My favorite Women's Studies professor used to hold regular class brainstorms to address any challenges that students were facing that day. I and my classmates really appreciated the consistent check in with not only our academic progress but our overall wellbeing. During exam season, she set aside a few minutes and had us talk about different self care techniques to cope with the added stress. She would also go over how to write a large paper in a manageable way, and this helped me pace myself rather than trying to write the entire paper at once.
Limnu can be a wonderful tool to facilitate the brainstorming session virtually. It gives the ability to mark up images, add text, and more!
Just like respect, engagement is not inherent between students and teachers; it is continuously earned. Offering online options for students and explaining how they increase access for disabled, low-income, and neurodivergent students is crucial. Bringing equity into the classroom shows that you care about all students.
One thing that never failed to get me and my classmates excited for any subject was a game of Kahoot. My data analytics professor did this to review class concepts before our first quiz, and that was the most engaged I saw my classmates. No matter if you teach data analytics, Spanish, or math, Kahoot is a great tool to test your students knowledge and address any learning gaps while creating an energetic, playfully competitive learning environment.
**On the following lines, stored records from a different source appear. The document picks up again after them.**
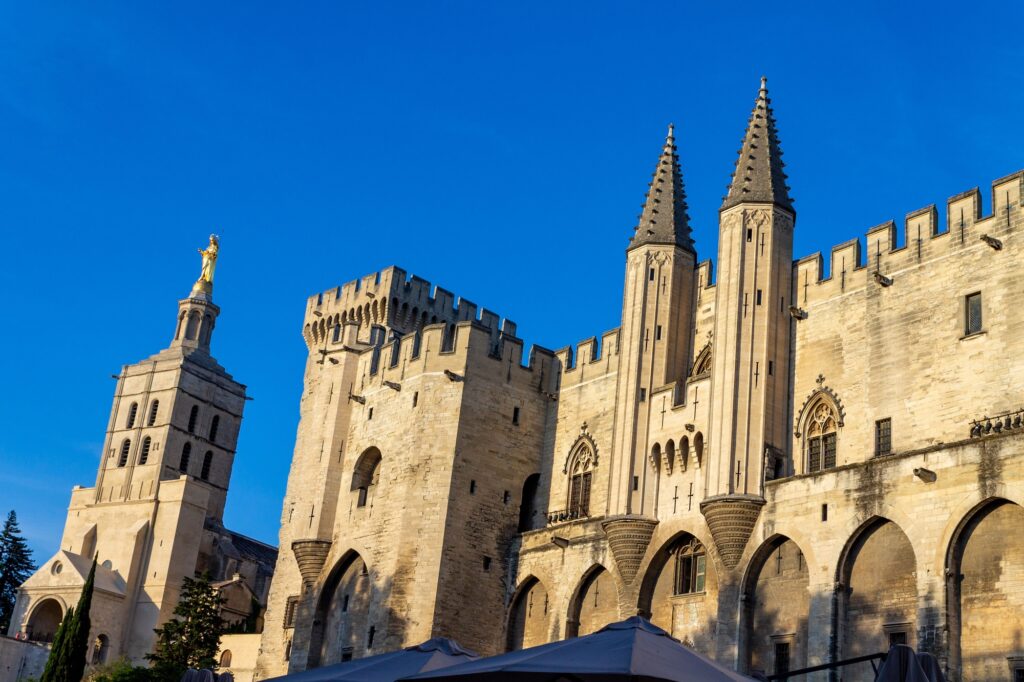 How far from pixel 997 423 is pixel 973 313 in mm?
2956

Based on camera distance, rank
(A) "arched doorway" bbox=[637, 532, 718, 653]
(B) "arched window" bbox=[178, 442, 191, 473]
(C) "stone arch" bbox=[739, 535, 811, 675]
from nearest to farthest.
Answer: (C) "stone arch" bbox=[739, 535, 811, 675]
(A) "arched doorway" bbox=[637, 532, 718, 653]
(B) "arched window" bbox=[178, 442, 191, 473]

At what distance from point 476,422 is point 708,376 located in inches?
305

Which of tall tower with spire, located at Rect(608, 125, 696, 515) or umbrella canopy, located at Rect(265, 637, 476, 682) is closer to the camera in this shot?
umbrella canopy, located at Rect(265, 637, 476, 682)

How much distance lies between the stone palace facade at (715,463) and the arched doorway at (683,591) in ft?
0.25

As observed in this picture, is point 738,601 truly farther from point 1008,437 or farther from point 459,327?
point 459,327

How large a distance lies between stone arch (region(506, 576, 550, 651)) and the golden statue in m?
48.0

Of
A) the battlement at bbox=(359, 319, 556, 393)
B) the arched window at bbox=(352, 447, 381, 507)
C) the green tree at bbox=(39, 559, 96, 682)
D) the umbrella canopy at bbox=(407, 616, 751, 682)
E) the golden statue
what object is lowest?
Result: the umbrella canopy at bbox=(407, 616, 751, 682)

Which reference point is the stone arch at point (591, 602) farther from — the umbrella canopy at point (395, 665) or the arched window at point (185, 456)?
the arched window at point (185, 456)

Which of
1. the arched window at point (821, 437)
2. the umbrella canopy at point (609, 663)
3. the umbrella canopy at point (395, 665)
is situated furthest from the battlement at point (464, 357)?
the umbrella canopy at point (609, 663)

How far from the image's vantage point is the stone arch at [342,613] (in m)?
36.7

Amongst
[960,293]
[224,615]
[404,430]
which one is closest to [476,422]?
[404,430]

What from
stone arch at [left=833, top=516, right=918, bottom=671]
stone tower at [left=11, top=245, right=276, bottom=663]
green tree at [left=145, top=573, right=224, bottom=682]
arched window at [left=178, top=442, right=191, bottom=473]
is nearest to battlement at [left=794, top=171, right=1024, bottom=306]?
stone arch at [left=833, top=516, right=918, bottom=671]

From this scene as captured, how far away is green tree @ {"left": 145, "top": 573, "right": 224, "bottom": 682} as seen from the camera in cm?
4541

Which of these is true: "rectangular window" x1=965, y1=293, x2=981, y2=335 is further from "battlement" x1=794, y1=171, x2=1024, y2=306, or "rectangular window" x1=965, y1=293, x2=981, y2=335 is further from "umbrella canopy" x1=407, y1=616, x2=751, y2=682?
"umbrella canopy" x1=407, y1=616, x2=751, y2=682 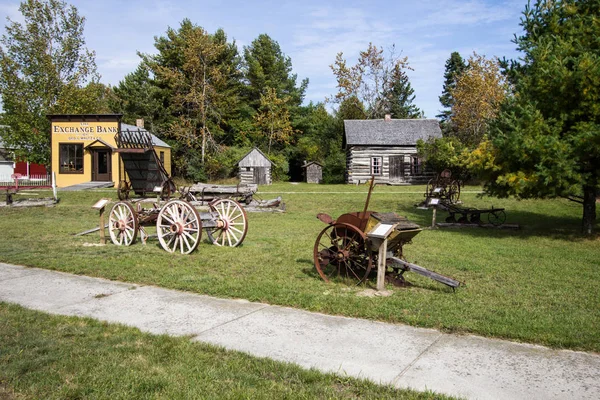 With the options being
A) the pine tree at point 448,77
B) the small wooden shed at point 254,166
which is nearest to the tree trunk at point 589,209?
the small wooden shed at point 254,166

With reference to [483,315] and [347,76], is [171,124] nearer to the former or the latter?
[347,76]

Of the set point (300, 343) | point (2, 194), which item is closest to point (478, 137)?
point (2, 194)

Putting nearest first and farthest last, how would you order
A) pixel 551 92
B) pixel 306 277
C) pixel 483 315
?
pixel 483 315
pixel 306 277
pixel 551 92

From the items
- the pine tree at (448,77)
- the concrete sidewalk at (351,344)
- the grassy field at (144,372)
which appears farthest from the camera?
the pine tree at (448,77)

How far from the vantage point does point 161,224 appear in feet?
33.9

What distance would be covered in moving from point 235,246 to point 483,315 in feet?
20.4

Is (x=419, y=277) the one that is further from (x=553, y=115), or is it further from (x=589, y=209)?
(x=589, y=209)

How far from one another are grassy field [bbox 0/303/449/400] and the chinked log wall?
32.9 meters

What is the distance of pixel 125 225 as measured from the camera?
1106 centimetres

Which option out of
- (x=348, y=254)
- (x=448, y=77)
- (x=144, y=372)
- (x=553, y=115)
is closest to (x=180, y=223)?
(x=348, y=254)

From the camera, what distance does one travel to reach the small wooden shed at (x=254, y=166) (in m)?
36.8

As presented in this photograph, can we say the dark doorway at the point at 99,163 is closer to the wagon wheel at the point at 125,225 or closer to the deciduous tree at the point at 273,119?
the deciduous tree at the point at 273,119

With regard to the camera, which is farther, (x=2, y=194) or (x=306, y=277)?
(x=2, y=194)

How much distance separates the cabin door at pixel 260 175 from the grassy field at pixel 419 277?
69.0ft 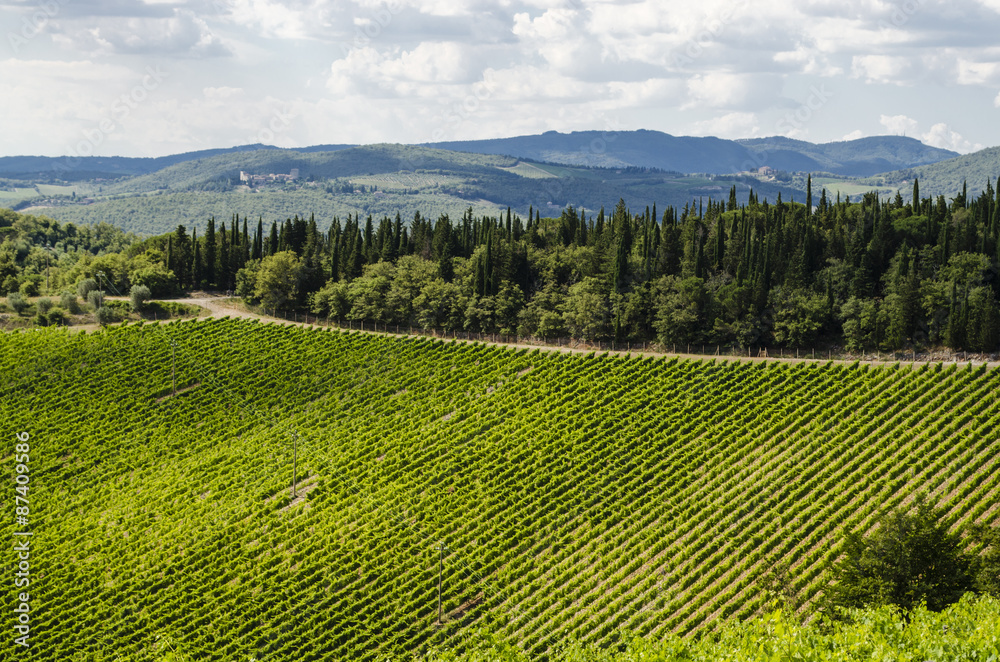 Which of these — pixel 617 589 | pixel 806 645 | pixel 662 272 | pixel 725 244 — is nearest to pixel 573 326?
pixel 662 272

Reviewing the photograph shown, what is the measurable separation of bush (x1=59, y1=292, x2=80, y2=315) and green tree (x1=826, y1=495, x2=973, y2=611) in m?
81.1

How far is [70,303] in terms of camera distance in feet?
305

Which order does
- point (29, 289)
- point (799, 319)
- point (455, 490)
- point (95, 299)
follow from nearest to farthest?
point (455, 490)
point (799, 319)
point (95, 299)
point (29, 289)

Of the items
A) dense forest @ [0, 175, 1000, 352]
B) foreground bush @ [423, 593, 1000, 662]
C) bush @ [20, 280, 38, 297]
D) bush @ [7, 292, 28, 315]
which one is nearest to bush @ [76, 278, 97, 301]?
dense forest @ [0, 175, 1000, 352]

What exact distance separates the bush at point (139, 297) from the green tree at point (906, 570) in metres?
75.6

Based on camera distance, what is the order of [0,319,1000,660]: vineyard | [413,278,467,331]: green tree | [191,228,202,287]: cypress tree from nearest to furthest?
[0,319,1000,660]: vineyard < [413,278,467,331]: green tree < [191,228,202,287]: cypress tree

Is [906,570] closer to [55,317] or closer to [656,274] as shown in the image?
[656,274]

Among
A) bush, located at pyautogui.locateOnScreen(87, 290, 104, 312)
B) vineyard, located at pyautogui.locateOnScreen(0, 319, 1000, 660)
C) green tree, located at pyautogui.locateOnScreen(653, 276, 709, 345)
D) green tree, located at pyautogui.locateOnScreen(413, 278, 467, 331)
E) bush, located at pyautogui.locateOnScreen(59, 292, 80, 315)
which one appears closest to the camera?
vineyard, located at pyautogui.locateOnScreen(0, 319, 1000, 660)

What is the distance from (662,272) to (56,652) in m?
58.9

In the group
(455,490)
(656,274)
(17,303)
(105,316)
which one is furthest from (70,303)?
(656,274)

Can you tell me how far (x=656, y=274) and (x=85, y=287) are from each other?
2361 inches

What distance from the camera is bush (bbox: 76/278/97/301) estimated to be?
96188mm

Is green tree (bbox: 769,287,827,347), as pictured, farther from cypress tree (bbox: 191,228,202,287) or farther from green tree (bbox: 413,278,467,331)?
cypress tree (bbox: 191,228,202,287)

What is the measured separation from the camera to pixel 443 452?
61.0 meters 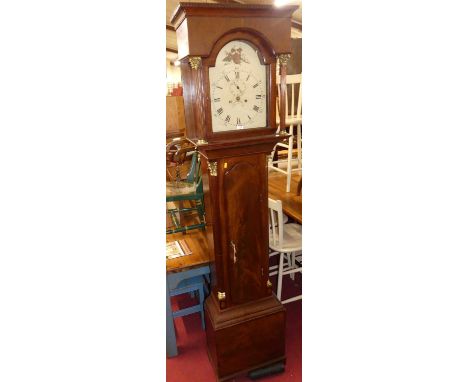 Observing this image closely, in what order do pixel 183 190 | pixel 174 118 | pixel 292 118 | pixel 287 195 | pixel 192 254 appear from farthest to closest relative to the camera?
pixel 174 118, pixel 287 195, pixel 292 118, pixel 183 190, pixel 192 254

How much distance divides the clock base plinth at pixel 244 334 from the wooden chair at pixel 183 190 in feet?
2.03

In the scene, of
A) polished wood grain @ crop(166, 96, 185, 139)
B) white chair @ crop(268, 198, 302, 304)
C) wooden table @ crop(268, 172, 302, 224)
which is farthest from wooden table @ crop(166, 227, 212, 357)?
polished wood grain @ crop(166, 96, 185, 139)

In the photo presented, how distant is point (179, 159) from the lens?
6.67 ft

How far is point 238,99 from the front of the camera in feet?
4.57

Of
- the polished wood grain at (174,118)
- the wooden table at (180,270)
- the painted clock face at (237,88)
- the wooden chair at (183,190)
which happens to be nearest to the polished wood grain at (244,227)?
the painted clock face at (237,88)

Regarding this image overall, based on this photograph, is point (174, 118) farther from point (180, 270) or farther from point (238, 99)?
point (238, 99)

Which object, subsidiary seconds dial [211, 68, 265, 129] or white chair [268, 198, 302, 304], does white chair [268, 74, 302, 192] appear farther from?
subsidiary seconds dial [211, 68, 265, 129]

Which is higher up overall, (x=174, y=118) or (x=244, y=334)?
(x=174, y=118)

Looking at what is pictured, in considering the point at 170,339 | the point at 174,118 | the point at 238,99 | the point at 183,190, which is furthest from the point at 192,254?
the point at 174,118

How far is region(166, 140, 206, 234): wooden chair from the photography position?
6.81 ft

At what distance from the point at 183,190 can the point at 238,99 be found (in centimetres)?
92

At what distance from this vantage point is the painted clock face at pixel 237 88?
1329 mm

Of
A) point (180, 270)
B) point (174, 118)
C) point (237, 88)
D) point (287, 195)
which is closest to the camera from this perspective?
point (237, 88)

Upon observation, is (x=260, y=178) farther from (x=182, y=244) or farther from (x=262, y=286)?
(x=182, y=244) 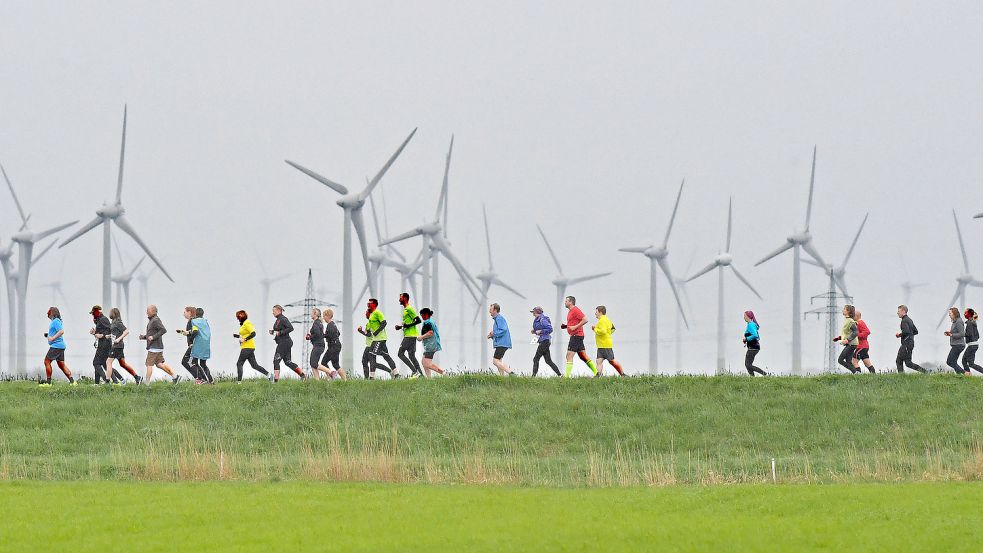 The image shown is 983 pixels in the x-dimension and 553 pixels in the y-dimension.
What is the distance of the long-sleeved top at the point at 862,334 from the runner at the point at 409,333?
37.9ft

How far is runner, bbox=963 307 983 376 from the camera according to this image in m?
34.9

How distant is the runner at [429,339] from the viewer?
115ft

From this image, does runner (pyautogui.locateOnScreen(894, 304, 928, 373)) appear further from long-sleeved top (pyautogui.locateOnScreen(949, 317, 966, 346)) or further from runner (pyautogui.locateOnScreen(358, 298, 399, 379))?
runner (pyautogui.locateOnScreen(358, 298, 399, 379))

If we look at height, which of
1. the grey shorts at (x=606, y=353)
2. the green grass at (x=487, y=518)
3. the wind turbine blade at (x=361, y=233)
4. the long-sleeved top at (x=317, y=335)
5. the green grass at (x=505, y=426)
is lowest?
the green grass at (x=487, y=518)

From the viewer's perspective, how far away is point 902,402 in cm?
3312

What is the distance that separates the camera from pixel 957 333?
35.1 meters

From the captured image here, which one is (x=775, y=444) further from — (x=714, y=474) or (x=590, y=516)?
(x=590, y=516)

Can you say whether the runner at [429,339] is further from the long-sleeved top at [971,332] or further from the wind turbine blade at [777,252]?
the wind turbine blade at [777,252]

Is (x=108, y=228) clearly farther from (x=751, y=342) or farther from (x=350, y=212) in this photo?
(x=751, y=342)

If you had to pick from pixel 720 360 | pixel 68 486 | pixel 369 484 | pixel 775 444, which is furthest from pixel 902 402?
pixel 720 360

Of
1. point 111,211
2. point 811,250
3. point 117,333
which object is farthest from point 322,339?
point 811,250

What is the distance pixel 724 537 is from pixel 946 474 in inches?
355

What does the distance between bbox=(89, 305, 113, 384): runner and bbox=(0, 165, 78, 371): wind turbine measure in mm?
31326

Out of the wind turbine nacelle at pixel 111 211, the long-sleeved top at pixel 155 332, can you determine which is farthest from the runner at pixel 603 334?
the wind turbine nacelle at pixel 111 211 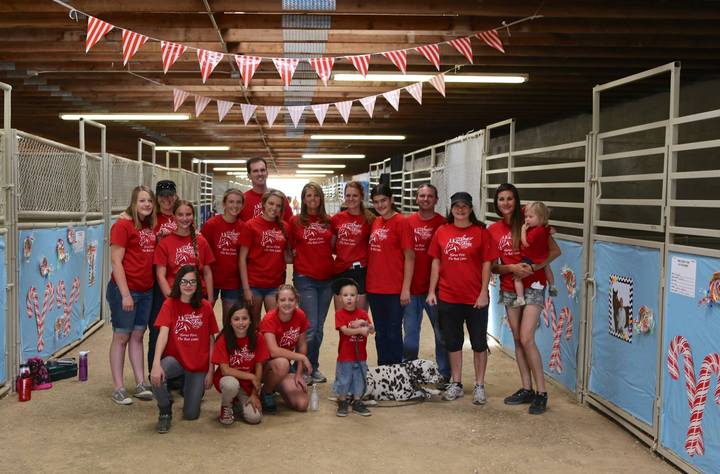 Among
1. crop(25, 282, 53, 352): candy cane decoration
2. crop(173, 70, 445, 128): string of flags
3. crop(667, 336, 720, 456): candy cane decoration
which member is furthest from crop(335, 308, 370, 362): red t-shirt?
crop(173, 70, 445, 128): string of flags

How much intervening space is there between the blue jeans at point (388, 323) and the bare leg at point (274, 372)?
789 millimetres

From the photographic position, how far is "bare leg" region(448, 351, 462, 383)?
4820mm

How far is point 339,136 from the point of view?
15977 millimetres

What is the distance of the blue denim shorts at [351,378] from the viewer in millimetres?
4516

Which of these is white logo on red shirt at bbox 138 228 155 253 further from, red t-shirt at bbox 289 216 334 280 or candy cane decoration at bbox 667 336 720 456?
candy cane decoration at bbox 667 336 720 456

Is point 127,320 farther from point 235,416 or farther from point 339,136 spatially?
point 339,136

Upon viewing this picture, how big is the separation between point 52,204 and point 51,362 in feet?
4.64

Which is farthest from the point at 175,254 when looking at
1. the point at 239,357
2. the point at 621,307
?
the point at 621,307

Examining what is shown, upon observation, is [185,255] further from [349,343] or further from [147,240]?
[349,343]

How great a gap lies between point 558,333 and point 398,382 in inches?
57.4

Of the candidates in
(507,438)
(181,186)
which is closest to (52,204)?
(507,438)

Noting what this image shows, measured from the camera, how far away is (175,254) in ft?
15.0

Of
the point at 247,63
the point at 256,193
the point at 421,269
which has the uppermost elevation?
the point at 247,63

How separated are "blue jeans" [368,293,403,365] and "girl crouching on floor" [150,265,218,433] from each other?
3.96 feet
Students can also search for free Kahoots that other teachers have made for specific school standards. I did this a lot for my World History class in high school because I was tired of using Quizlet and wanted to have fun while learning.
Another great engagement tool is Mentimeter. Mentimeter is basically Kahoot+. It lets teachers use quizzes as well as live polls, surveys, word clouds, open-ended questions, and presentations to spark class discussions and gather feedback. By giving every student a voice, teachers get a holistic view of each student's progress and areas of improvement.